Comment en suis-je venu à lire ce livre ? Ma première approche du génocide s’est faite par le biais du livre de Pierre Bayard, Aurais-je été résistant ou bourreau ? Dans ce livre, il examinait plusieurs phénomènes de tueries de masse dont celles du Rwanda, mais aussi celles perpétrés par le 101e bataillon de police de réserve allemande dont le comportement m’a fait penser à celui des Hutu et je ne suis pas le seul puisque Jean Hatzfeld y fait aussi allusion. Puis c’est la lecture de Goražde consacré à la guerre de Bosnie-Herzégovine – très proche d’un génocide – qui m’a fait repenser à ce sujet. Le livre est fait d’une alternance de chapitres consacrés aux témoignages des tueurs et de chapitres dans lesquels l’auteur fait part de ses réflexions, nous livre son analyse ou encore précise des éléments de contexte. Il est le second tome de la trilogie Récits des marais rwandais consacrée au génocide débutée par Dans le nu de la vie qui donnait la parole aux victimes et clôturée par La Stratégie des antilopes.
Les surprises sont graduelles. D’abord c’est la langue Hutu qui m’a étonné car les entretiens sont restitués dans un français rwandais très agréable à lire – je parle bien de la forme et non du fond. Ensuite, la sidération s’installe à mesure que l’on découvre les évènements qui se sont déroulés en 1994 pendant un peu plus d’un mois. Comme pour le 101 bataillon de police de réserve, et même si ce livre donne de nombreux éclairages, on ne parvient pas à comprendre comment des gens ont pu massacrer leurs semblables qui vivaient avec eux depuis de longues années, ceux qui étaient au sens propre du terme leurs voisins (leurs avoisinants) – c’est le même phénomène qui a eu lieu dans la ville de Goražde entre les voisins serbes et bosniaques.
Un génocide n’est pas une mauvaise broussaille qui s’élève sur deux ou trois racines ; mais un noeud de racines qui ont moisi sous terre sans personne pour le remarquer.

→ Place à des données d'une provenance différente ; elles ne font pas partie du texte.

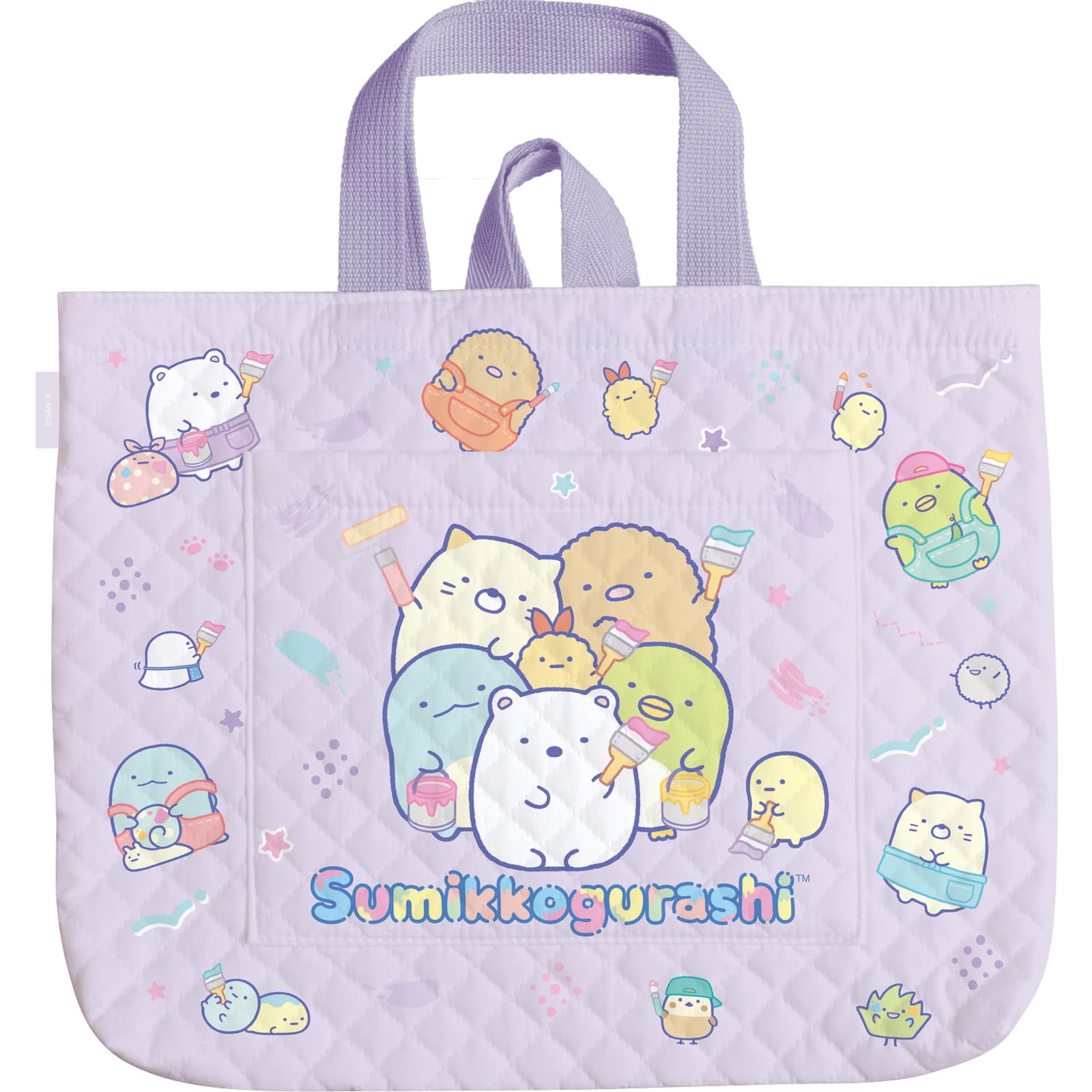 San-X Sumikko Gurashi Go Go School Lesson Bag Ca48401- Japan Figure Store - #1 Bring To You The Best Japanese Goods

Le regard des meurtriers sur ces évènements est troublant, ils semblent sonnés, comme si eux-mêmes n’arrivaient pas à comprendre ce qu’il s’est passé. Un livre formidable qui donne un éclairage précieux sur ces évènements.
Les yeux de celui qu’on tue sont immortels, s’ils vous font face au moment fatal. Ils ont une couleur noire terrible. Ils font plus de sensation que les dégoulinements de sangs et les râles des victimes, même dans un grand brouhaha de mort. Les yeux du tué, pour le tueur, sont sa calamité s’il les regarde. Ils sont le blâme de celui qu’il tue.
Hatzfeld, Jean. Une saison de machettes. Seuil, 2003.